*** Data below ***

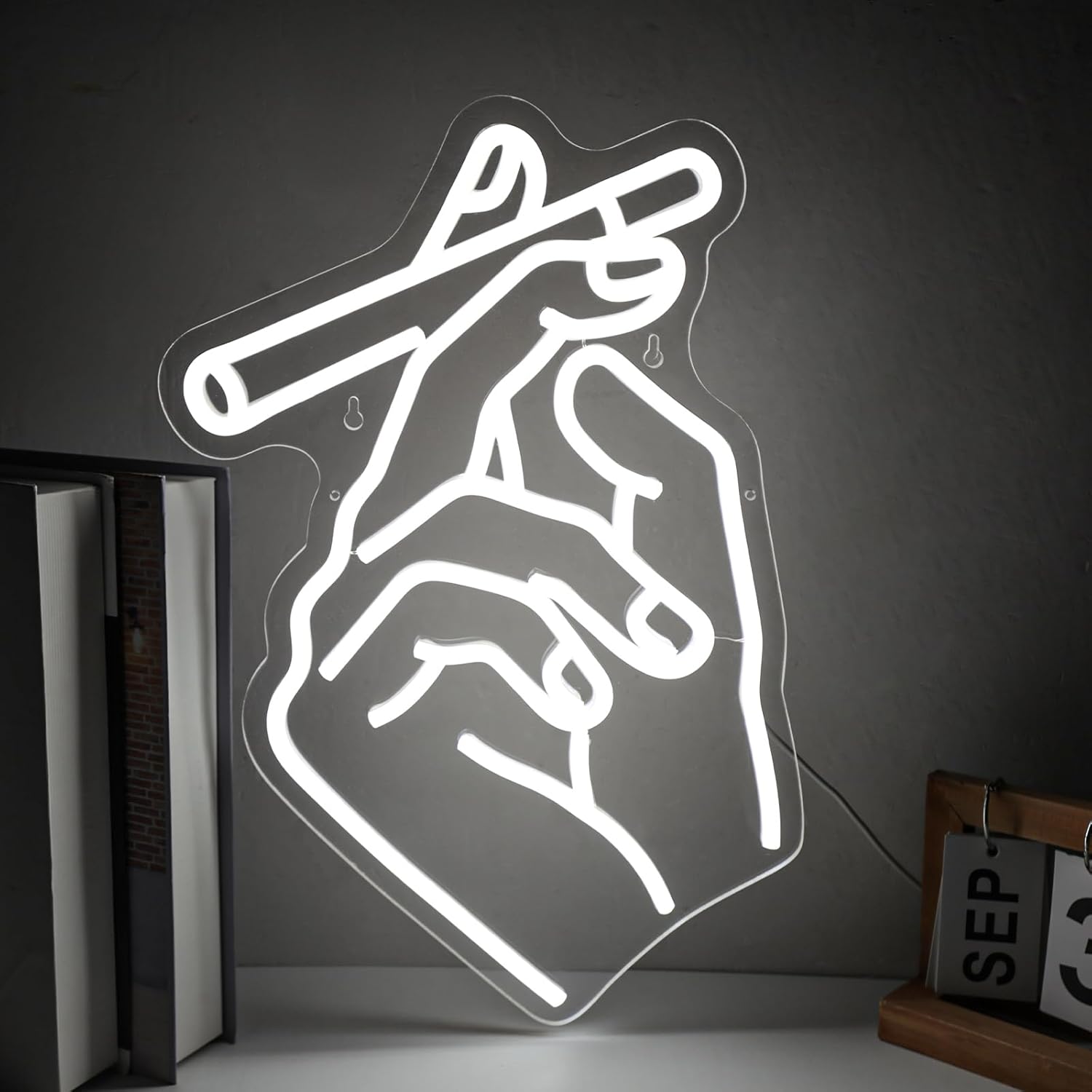 Hand Neon Sign for Wall Decor, Gesture Hand LED Neon Lights Art for Bedroom, Bar, Lounge, Game Room, Club Party Décor Gift for Men
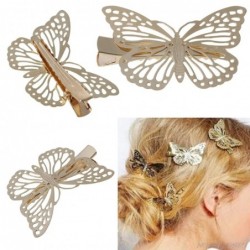 Hair clip with golden butterfly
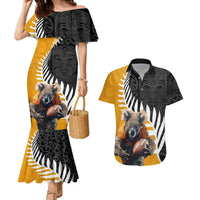 New Zealand and Australia Rugby Couples Matching Mermaid Dress and Hawaiian Shirt Koala and Maori Warrior Together LT03 Black - Polynesian Pride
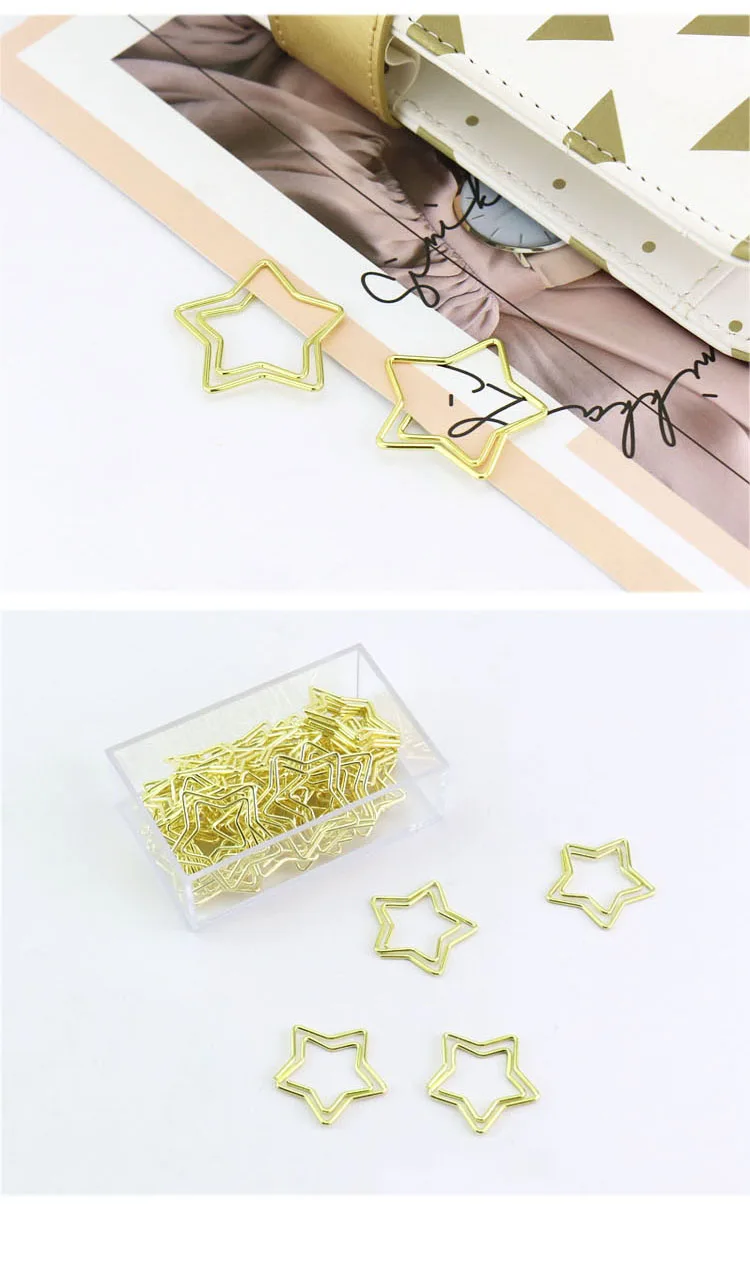 30pcs/box Gold Metal Paper Clips Clips Accessories Shape Star Office Memo Bookmarks Fashion School Supplies Stationary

***

**Assignment**
I would like the material repeated in full and exactly, with its images omitted.

**Reply**
 Hand Neon Sign for Wall Decor, Gesture Hand LED Neon Lights Art for Bedroom, Bar, Lounge, Game Room, Club Party Décor Gift for Men
 Hair clip with golden butterfly
 New Zealand and Australia Rugby Couples Matching Mermaid Dress and Hawaiian Shirt Koala and Maori Warrior Together LT03 Black - Polynesian Pride
 30pcs/box Gold Metal Paper Clips Clips Accessories Shape Star Office Memo Bookmarks Fashion School Supplies Stationary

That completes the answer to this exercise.